L5  Integer Properties of Characters

C “char” (characters) are a form of integer in C programs – specifically, they are treated as 8-bit integers.  If “signed”, their value lies between –128 and +127.  If “unsigned”, between 0 and 255.  Each character value represents a code which can be “printed” – displayed on a terminal or printed on paper in familiar form.  Representing characters as integers internally allows C programs to use all kinds of integer operations on characters, and thus process “text” in complex ways.

 

Some possibilities for processing characters:

  1. A character can be used as the index into an array.  This allows a program to:
    1. Determine what kind of character a particular input character is – letter, digit, operations symbol (like +, -, /, etc) quickly.  The technique used is to initialize an array, say Classify[256], to hold codes the programmer has chosen – maybe:
                     1 for letter, 2 for digits, 3 for “+”, 4 for “-“, and so on
      To classify a character x that has just been read in, write i=Classify[x];.  This sets i to the “character class code” for x, allowing the program to decide what to do with that character very quickly.
    2. Record data about how many times a particular character occurs in the input, or on what lines it occurs, so statistics useful in cryptography can be computed.
  2. Arithmetic can be used to combine characters for various purposes:
    1. Pairs of characters can be combined into s single integer, so you can compute statistics on how many times a particular “digraph: appears in text.
    2. All the characters can be combined into a large integer, which can be used as a “signature” for some text.  This integer, called a “checksum”, can be used to see if the text has been altered since being written to a file – record the text, and its checksum separately.  Then, re-compute the checksum when the file is read, and see if it matches the recorded checksum.
    3. All the characters in a given word can be combined, and the resulting checksum used in a rapid lookup process called “hash table lookup”.  This technique allows a program to rapidly combine information about all occurrences of a given word in some text – for instance, to determine if a requested keyword appears in that text, or to print a “concordance” of the text – a kind of index which lists, for each word that occurs, what lines it occurs in.

 

Hash Table Lookup

 

Several situations in which it is valuable to be able to combine information about all the occurrences of a given word or string of characters in text.  A “hash table” is a “lookup table” on steroids – you store each string to be found in a separate slot of the table, but instead of simply searching from the beginning of the table one slot at a time, you use a “hash function” to find out where the string you are looking for is probably located.  This makes the lookup process fast.  Entering data into such a table actually uses something very similar to the lookup process, so the “enter()” action is just as fast as the lookup().

 

Hash table package:

  1. Build an array H of some size, N.  Each entry in H will hold one “word” to be found later.
  2. From the word W to be found or entered in the table, compute a “hash function” I=h(W).  The hash function h() is supposed to be produce an integer between 0 and N-1, which is computed from all the characters in W.  The h is chosen so that the words you expect as inputs produce hash function values which are “spread out” over all the values 0 to N-1, more or less evenly. 
    1. H[] probably should not contain the actual character strings forming the words.  Instead, H can contain pointers to those strings.

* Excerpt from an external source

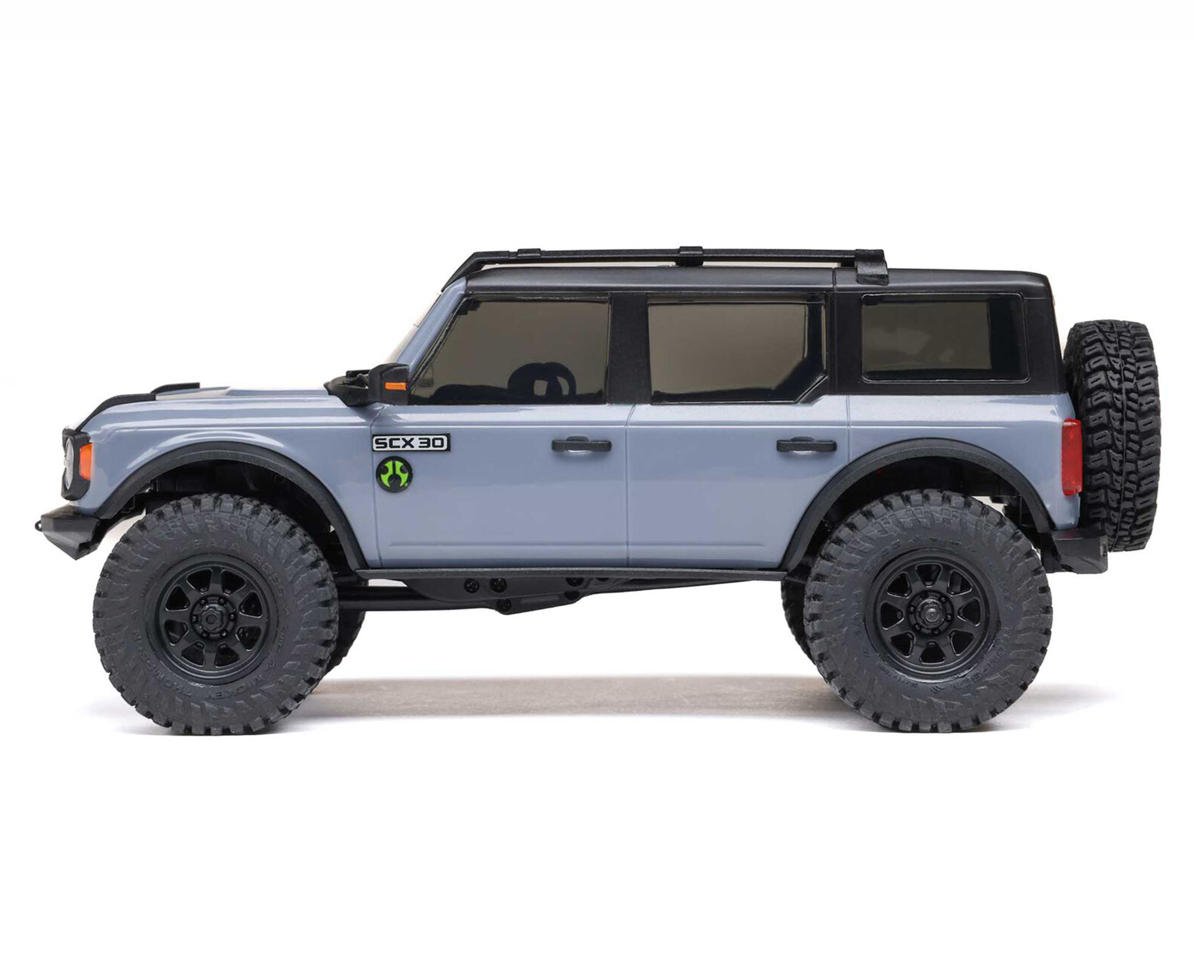 Axial SCX30 Ford Bronco 1/30 4WD RTR Scale Mini Crawler w/2.4GHz Radio, Battery & Charger (Gray) - AXI-2048T2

                                                                 i.       The strings themselves can be stored in a separate array, maybe 10000 characters in size, one string immediately following another, each ended with ‘\0’ characters.

    1. H[] should be initialized to NULL pointers.
  1. enter(W) can start searching H at h(W).  enter can compare each word in H with W.  If it finds a match, enter can return the index where the match occurred.  If enter finds a NULL at position j, it knows W was not previously entered into H, and can enter W at j.  Thus “enter” and “lookup” are essentially the same programs.  Each can simply return the location where W is now in the table.  The returned index can be used to index a “parallel” array Info[], which can hold whatever information you want to compile about each word.
    1. Don’t stop the search at the end of H[].  Instead, treat H as a “circular” table, in which 0 follows position N-1.
    2. Keep at least one empty slot in H[], and exit the program if too many different words occur in the input.